BEGIN
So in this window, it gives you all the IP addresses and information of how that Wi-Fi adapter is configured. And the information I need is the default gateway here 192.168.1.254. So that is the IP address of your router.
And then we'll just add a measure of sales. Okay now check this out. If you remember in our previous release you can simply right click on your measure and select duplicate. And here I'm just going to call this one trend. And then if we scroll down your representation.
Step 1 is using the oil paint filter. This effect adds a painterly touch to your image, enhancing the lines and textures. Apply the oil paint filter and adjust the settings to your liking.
END
BEGIN
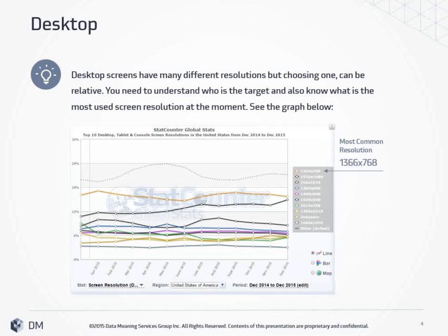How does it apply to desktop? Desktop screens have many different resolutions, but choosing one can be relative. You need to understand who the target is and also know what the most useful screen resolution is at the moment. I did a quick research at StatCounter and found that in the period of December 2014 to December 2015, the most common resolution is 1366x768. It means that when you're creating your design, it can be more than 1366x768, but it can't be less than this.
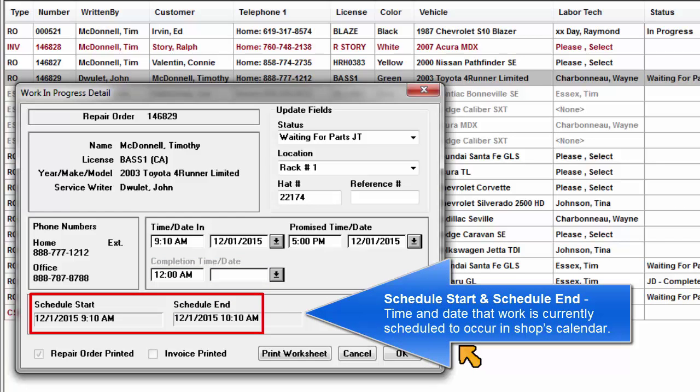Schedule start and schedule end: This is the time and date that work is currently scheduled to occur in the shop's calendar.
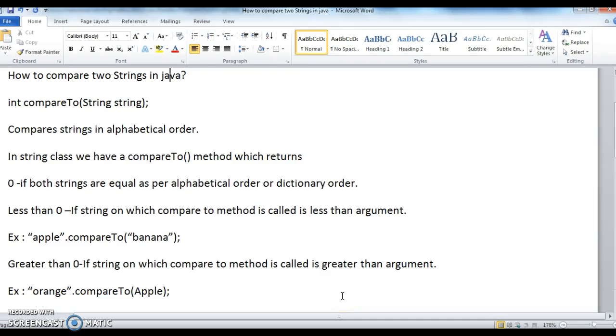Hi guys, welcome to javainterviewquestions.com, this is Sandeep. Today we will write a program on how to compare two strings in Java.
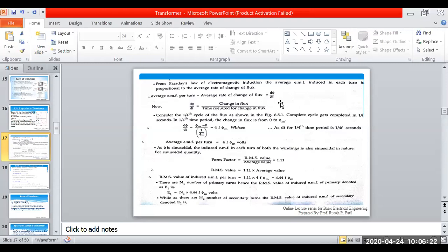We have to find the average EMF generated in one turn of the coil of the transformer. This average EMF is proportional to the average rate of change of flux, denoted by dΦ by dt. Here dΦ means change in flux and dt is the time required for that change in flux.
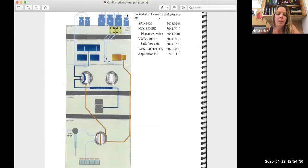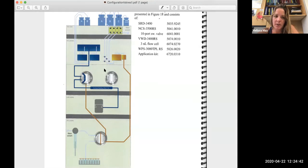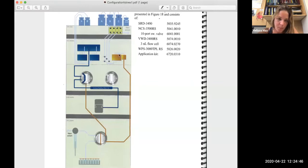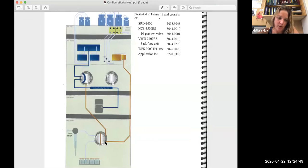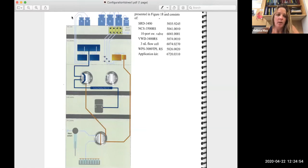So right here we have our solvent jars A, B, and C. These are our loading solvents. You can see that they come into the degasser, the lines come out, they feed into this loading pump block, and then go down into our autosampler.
END
BEGIN
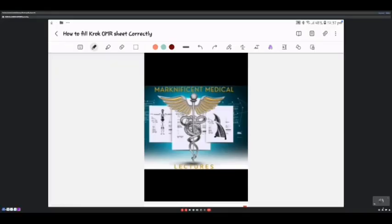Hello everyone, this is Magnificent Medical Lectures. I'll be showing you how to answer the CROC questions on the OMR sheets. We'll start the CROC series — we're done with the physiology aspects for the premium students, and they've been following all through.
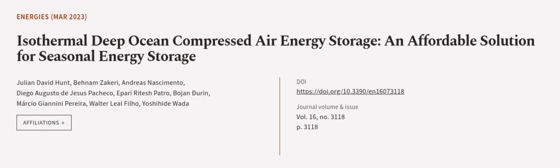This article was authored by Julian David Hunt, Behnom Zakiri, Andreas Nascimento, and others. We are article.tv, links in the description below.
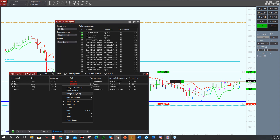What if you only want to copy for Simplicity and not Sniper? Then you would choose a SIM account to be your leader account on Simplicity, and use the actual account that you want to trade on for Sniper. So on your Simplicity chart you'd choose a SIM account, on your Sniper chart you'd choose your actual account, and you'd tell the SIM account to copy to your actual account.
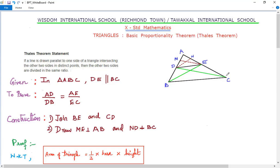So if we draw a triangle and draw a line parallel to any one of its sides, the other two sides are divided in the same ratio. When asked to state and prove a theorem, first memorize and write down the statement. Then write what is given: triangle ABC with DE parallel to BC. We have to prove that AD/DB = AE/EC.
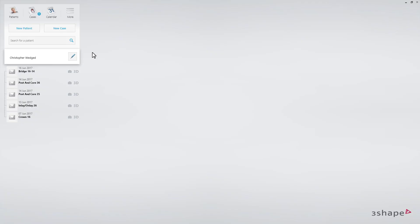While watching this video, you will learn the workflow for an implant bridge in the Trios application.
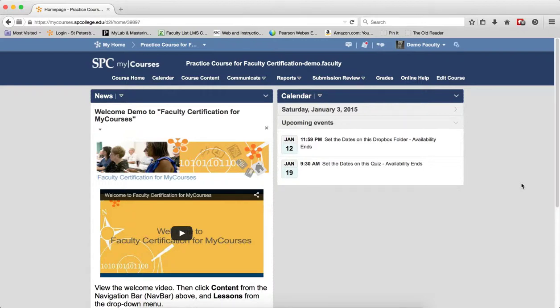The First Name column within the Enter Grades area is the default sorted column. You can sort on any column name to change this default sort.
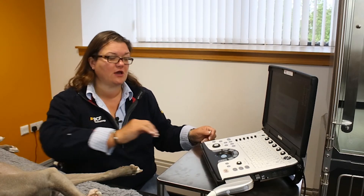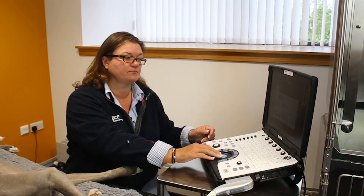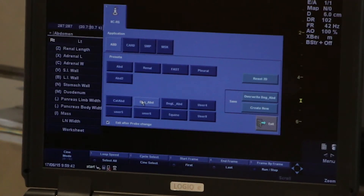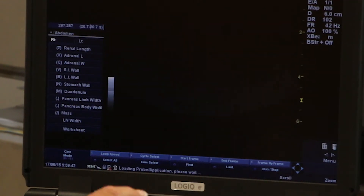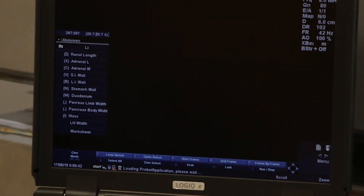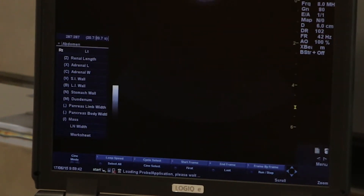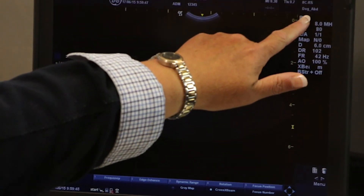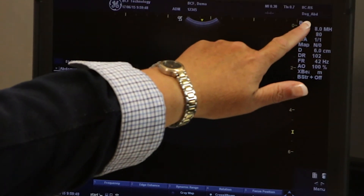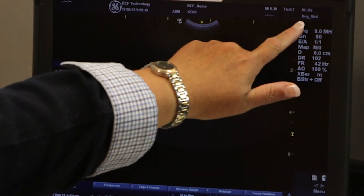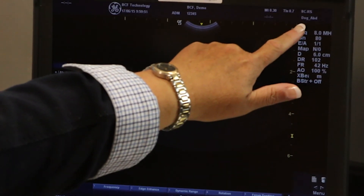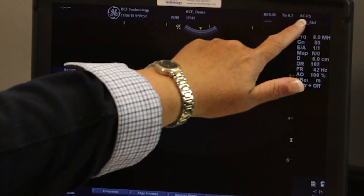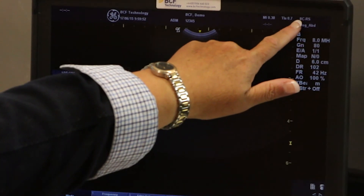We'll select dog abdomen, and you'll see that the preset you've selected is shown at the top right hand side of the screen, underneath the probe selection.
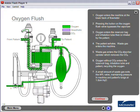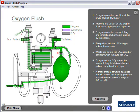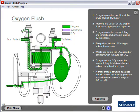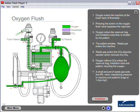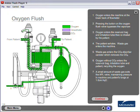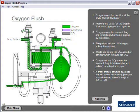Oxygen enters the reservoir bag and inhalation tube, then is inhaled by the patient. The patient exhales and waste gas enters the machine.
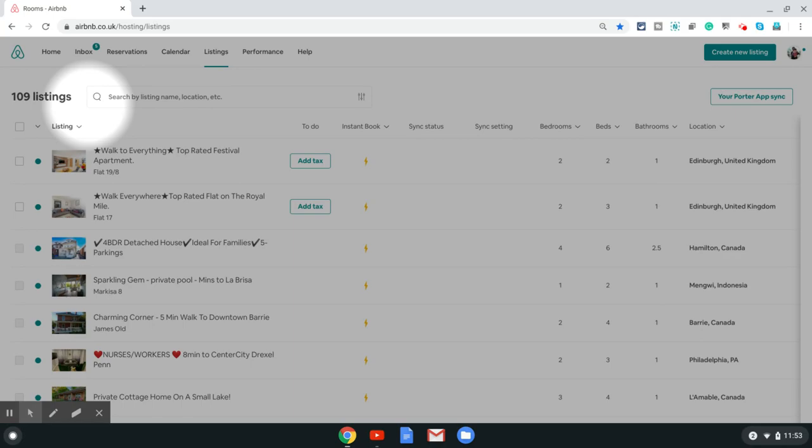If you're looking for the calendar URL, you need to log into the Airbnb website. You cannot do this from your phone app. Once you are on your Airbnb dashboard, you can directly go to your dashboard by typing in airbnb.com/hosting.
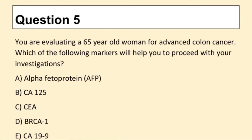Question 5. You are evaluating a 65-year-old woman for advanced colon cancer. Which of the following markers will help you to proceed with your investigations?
END
# [What you should do]
Of all the entries above, retype exactly the lines from the line with "So in this window, it" to the line with "Step 1 is using", both included, and no others.

# [Solution to the problem]
So in this window, it gives you all the IP addresses and information of how that Wi-Fi adapter is configured. And the information I need is the default gateway here 192.168.1.254. So that is the IP address of your router.
And then we'll just add a measure of sales. Okay now check this out. If you remember in our previous release you can simply right click on your measure and select duplicate. And here I'm just going to call this one trend. And then if we scroll down your representation.
Step 1 is using the oil paint filter. This effect adds a painterly touch to your image, enhancing the lines and textures. Apply the oil paint filter and adjust the settings to your liking.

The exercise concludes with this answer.